• **Short text fragments from websites**:

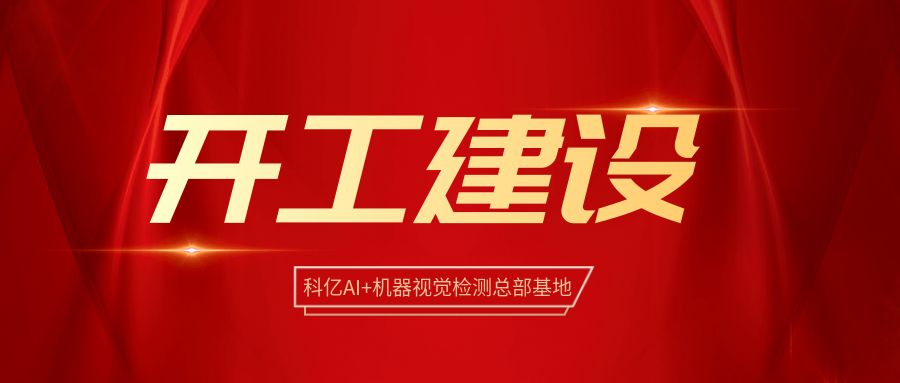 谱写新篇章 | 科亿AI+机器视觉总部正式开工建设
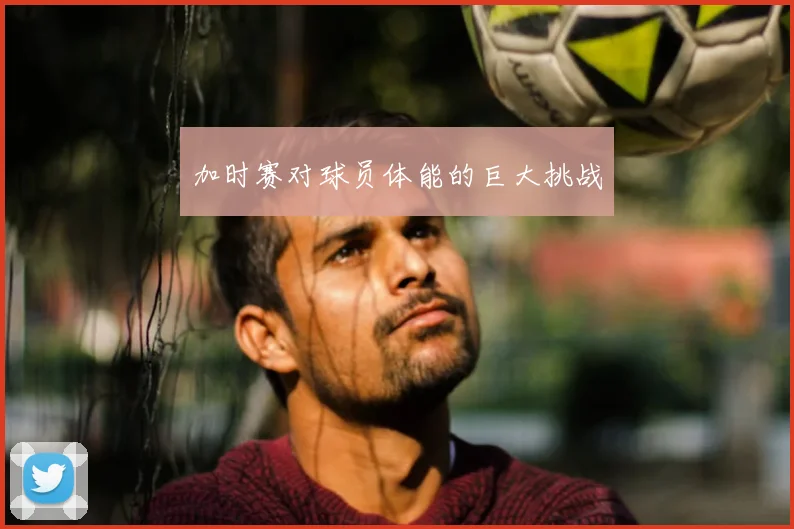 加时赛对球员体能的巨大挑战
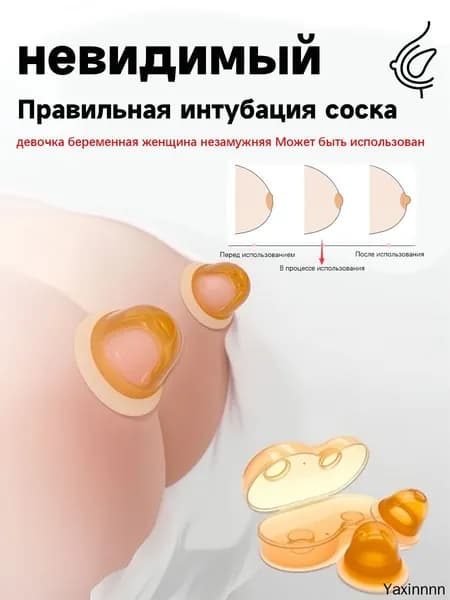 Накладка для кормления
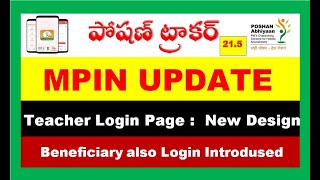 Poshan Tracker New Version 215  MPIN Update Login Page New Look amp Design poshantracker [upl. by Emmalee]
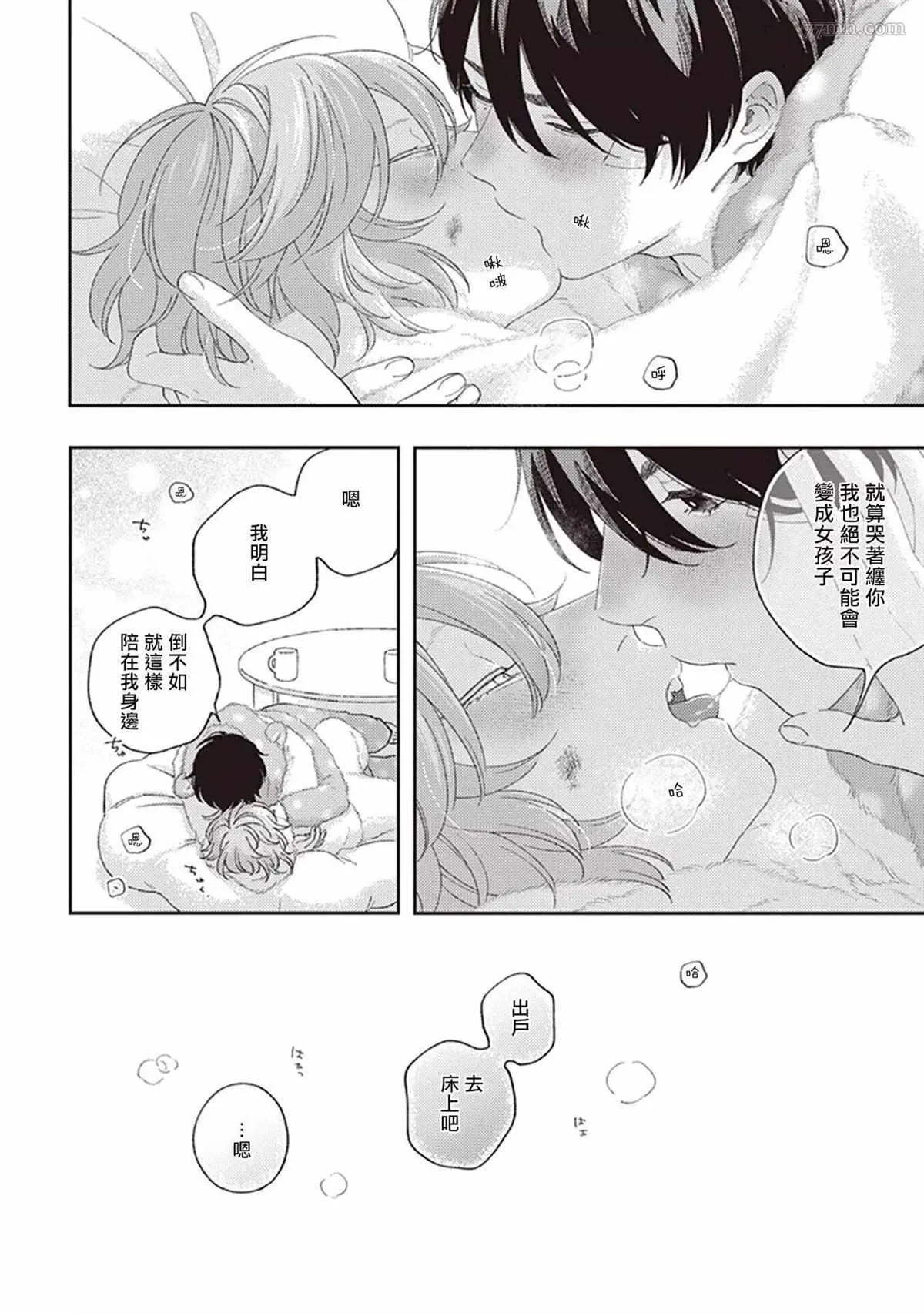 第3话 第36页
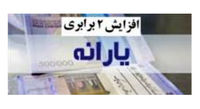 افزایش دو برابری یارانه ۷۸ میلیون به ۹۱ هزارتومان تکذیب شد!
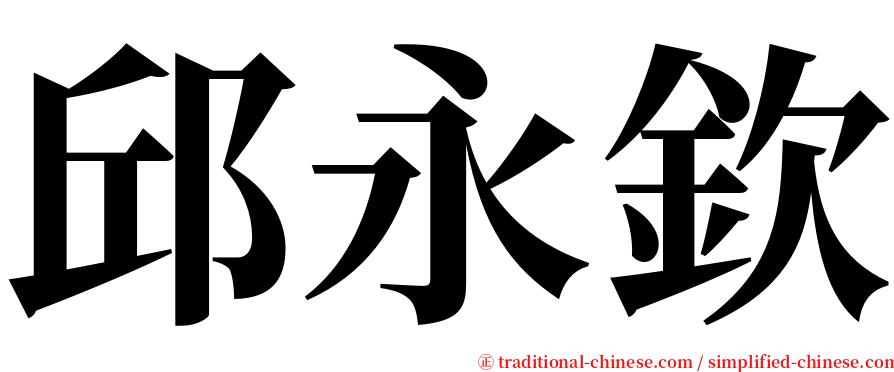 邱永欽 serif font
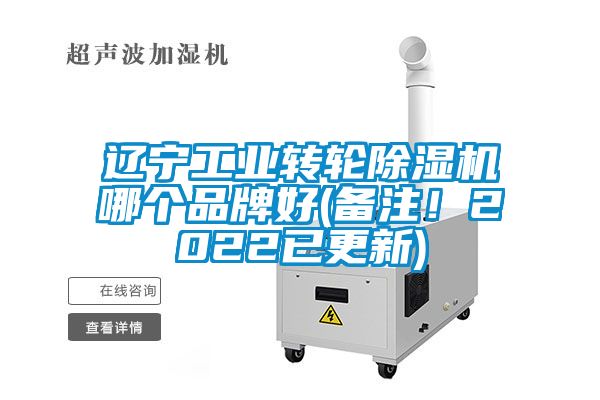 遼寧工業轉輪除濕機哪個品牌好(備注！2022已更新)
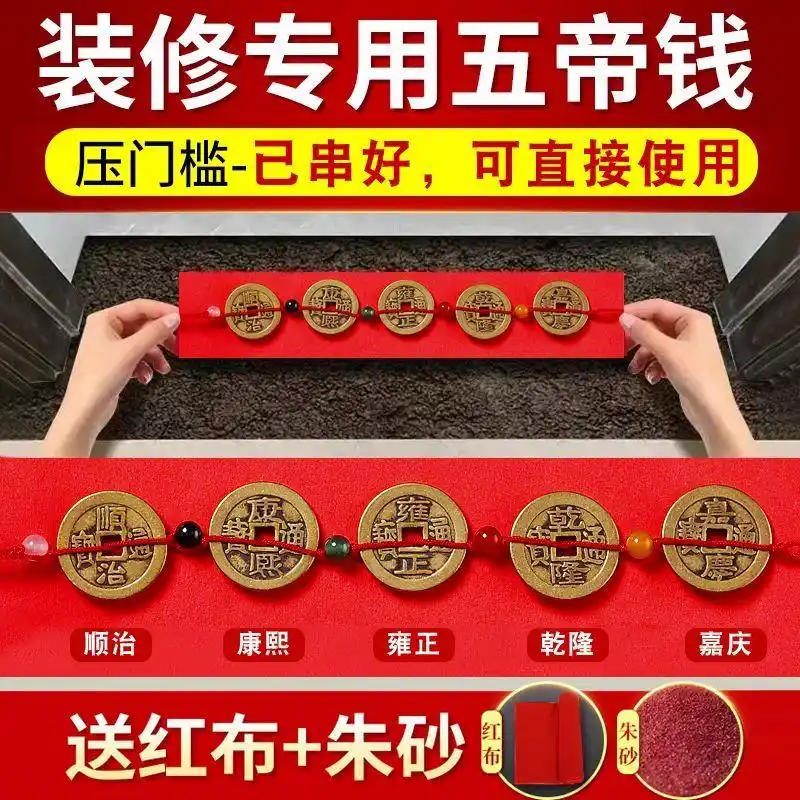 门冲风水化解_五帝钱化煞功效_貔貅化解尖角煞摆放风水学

...

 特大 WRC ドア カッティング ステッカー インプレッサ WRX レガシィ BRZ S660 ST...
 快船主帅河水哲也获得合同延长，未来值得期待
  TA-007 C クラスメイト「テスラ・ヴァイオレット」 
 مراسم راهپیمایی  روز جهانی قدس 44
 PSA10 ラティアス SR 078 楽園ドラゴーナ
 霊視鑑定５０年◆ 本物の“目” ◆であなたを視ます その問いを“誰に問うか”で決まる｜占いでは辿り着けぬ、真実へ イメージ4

• **YOUR TASK**:
Precisely those lines above that run from the line with "افزایش دو برابری" up to and including the line with "门冲风水化解_五帝钱化煞功效_貔貅化解尖角煞摆放风水学" are to be set down, with the pictures omitted.

• **EXERCISE OUTPUT**:
 افزایش دو برابری یارانه ۷۸ میلیون به ۹۱ هزارتومان تکذیب شد!
 邱永欽 serif font
 遼寧工業轉輪除濕機哪個品牌好(備注！2022已更新)
 门冲风水化解_五帝钱化煞功效_貔貅化解尖角煞摆放风水学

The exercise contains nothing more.